Ingredients: (for 1 gallon)
· 3 ¼ lb. Honey
· 12 cups Extra Strong Brewed Coffee
· ½ tsp. Acid Blend
· 1 tsp. Nutrient
· Water to make 1 gallon if needed
· 1 pkg. Pasteur Champagne Yeast
Procedure:
Brew coffee. Heat 6 cups of coffee with honey, skim if necessary. Add in nutrient and acid blend. Pour coffee and coffee-sugar mixture into carboy. Add enough water to make one gallon. When cooled, pitch yeast and attach an air lock. You may wish to use a blow-off tube. If you do, after the initial violent fermentation, attach a regular air lock.
Per Cheezer: "The Coffee Mead is good, but you definately need to have a love for coffee to drink it."

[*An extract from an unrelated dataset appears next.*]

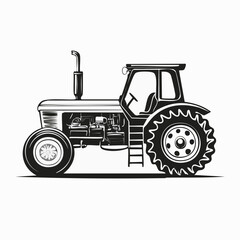 Old Tractor Vector Images. Vintage Tractor Vector Illustration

Recipe curtesy of "Cheezer"
 
I didn't add any acid to the coffee mead I made and I liked it fine the way it was. Also, you might consider cold steeping the coffee for a few hours to tone down the bitterness.
 
+1 on the cold steep!!
Brewing the coffee will release tanic acid.
Which could leave you with a very bitter taste.
If you can buy a bit of "fresh" coffee and grind it yourself, you should get some better results.

-Jason
 
Im thinking cold steeping mean simply to make it with cold water at first and let it set for a few hours? Tap water cold or place the carafe in the fridge?